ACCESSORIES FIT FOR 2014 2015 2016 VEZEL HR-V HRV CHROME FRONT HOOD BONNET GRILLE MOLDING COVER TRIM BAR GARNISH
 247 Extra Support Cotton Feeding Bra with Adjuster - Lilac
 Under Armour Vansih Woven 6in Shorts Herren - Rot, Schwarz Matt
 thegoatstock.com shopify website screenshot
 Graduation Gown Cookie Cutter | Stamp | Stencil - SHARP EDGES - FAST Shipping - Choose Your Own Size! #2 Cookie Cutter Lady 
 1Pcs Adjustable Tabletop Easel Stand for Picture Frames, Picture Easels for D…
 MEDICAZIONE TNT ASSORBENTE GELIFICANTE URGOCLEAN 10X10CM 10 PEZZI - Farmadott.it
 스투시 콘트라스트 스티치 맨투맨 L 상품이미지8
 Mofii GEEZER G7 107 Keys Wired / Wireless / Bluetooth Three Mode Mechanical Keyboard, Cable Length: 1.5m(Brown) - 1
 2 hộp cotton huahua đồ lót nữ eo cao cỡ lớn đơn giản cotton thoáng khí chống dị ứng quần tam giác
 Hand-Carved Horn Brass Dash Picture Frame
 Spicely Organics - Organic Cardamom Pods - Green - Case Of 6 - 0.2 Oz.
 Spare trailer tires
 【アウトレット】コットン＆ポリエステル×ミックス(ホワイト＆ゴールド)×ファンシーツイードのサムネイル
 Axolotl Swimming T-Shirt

- - -

* _ACTION ITEM_
In the answer, the lines from the first line of the data above through the line containing "thegoatstock.com shopify website screenshot" must appear exactly as written, with nothing else.

* _SOLUTION TO THIS TASK_
ACCESSORIES FIT FOR 2014 2015 2016 VEZEL HR-V HRV CHROME FRONT HOOD BONNET GRILLE MOLDING COVER TRIM BAR GARNISH
 247 Extra Support Cotton Feeding Bra with Adjuster - Lilac
 Under Armour Vansih Woven 6in Shorts Herren - Rot, Schwarz Matt
 thegoatstock.com shopify website screenshot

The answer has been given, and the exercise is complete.